US will boost security ties with Taiwan, says ‘ambassador’
The United States is expected to further increase security cooperation with Taiwan as part of its grand strategy to manage China’s military and economic expansion in the Indo-Pacific region, Trend reports referring to South China Morning Post.
In an interview with the semi-official Central News Agency in Taiwan, the de facto US ambassador Brent Christensen said he expected to see great advances between Taiwan and the US in four major areas – including security – this year, which marks the 40th anniversary of the Taiwan Relations Act.
Washington passed the act after it switched diplomatic recognition from Taipei to Beijing in 1979, and it commits Washington to help the self-ruled island maintain its defences against mainland China.
He expressed America’s “grave concerns” over what he characterised Beijing’s efforts to coerce Taiwan into talks on reunification and warned that Washington would not let Beijing do whatever it wants with regard to the island.
“We certainly urge China to abstain from any coercion that would jeopardise the security or the social, economic system of the people of Taiwan,” he told the agency in the interview published on Wednesday.
In a speech on January 2, marking the 40th anniversary of a cross-strait ceasefire, Chinese President Xi Jinping called for cross-strait unification talks under the one-China principle, using the “one country, two systems” model practised in Hong Kong and Macau as the model.
Taiwanese President Tsai Ing-wen, of the independence-leaning Democratic Progressive Party, sternly rebuked Xi, saying most people in Taiwan do not support “one country, two systems.”
Relations between the two sides have soured since Tsai took office as president in 2016 and refused to accept the one-China principle.
In addition to poaching five of Taiwan’s allies, Beijing has staged war games around Taiwan to try to intimidate the island and force Tsai to accept the principle – that Taiwan is a part of China that must eventually be reunited with the mainland.
“We certainly believe that coercive means should not be employed to address these concerns,” Christensen said, adding the US is concerned about the cross-strait tensions and the two sides should engage in constructive dialogue to peacefully resolve their differences.
Christensen said in addition to promoting security cooperation, he expected to see great advances in economic ties, people-to-people ties and Taiwan’s role in the global community in the coming year.
He said these areas had been his main priorities since he took over as director of the American Institute in Taiwan, the de facto embassy, in August.
He said the institute was gearing up to celebrate the 40th anniversary of the act, with a series of events for which “certain senior-level figures” would be “encouraged to visit Taiwan” without elaborating further.
Washington does not generally send high-level officials to Taiwan to avoid triggering angry protests from China.

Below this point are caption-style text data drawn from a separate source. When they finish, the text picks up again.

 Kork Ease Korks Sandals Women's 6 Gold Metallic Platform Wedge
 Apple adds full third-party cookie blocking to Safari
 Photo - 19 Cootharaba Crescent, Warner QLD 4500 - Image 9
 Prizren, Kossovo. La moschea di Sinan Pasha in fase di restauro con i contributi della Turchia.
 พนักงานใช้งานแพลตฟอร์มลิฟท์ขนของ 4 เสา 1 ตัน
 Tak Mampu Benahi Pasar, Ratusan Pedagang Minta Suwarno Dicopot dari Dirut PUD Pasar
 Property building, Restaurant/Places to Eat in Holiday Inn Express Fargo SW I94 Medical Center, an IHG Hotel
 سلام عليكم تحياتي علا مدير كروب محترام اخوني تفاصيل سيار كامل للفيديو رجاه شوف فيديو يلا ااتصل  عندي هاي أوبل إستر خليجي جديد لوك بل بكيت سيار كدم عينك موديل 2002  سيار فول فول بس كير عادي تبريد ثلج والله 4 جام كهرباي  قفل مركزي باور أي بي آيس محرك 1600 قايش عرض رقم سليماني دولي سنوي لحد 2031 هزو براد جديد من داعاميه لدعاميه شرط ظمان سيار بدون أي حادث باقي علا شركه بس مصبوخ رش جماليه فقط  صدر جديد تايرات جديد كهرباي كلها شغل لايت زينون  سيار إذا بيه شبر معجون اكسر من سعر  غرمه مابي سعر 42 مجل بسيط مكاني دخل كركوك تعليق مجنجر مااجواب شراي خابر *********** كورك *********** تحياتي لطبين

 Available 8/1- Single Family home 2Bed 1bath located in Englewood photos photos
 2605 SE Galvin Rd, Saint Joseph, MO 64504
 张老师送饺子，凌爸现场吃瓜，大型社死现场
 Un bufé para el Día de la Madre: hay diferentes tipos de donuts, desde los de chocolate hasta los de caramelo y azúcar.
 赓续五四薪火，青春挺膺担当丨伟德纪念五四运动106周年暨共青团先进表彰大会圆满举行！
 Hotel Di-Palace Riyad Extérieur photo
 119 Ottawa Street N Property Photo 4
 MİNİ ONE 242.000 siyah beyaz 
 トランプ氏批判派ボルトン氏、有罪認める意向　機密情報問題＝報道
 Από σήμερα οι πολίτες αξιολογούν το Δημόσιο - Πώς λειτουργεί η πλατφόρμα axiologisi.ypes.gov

Since President Donald Trump took office in 2017 and adopted a more confrontational stance with China, including the ongoing trade war, he has signed the Taiwan Travel Act and National Defence Authorisation Bill – allowing high-level official and military exchanges – and approving two batches of weapon sales to the island.
While these development appears to be favourable for Taiwan, Shen Lyu-shun, formerly Taiwan’s top envoy to the US, said in terms of economic cooperation, “there has been no progress at all in US-Taiwan Free Trade Agreement talks,” which is what the island needs to counteract the problems caused by the US-China trade war.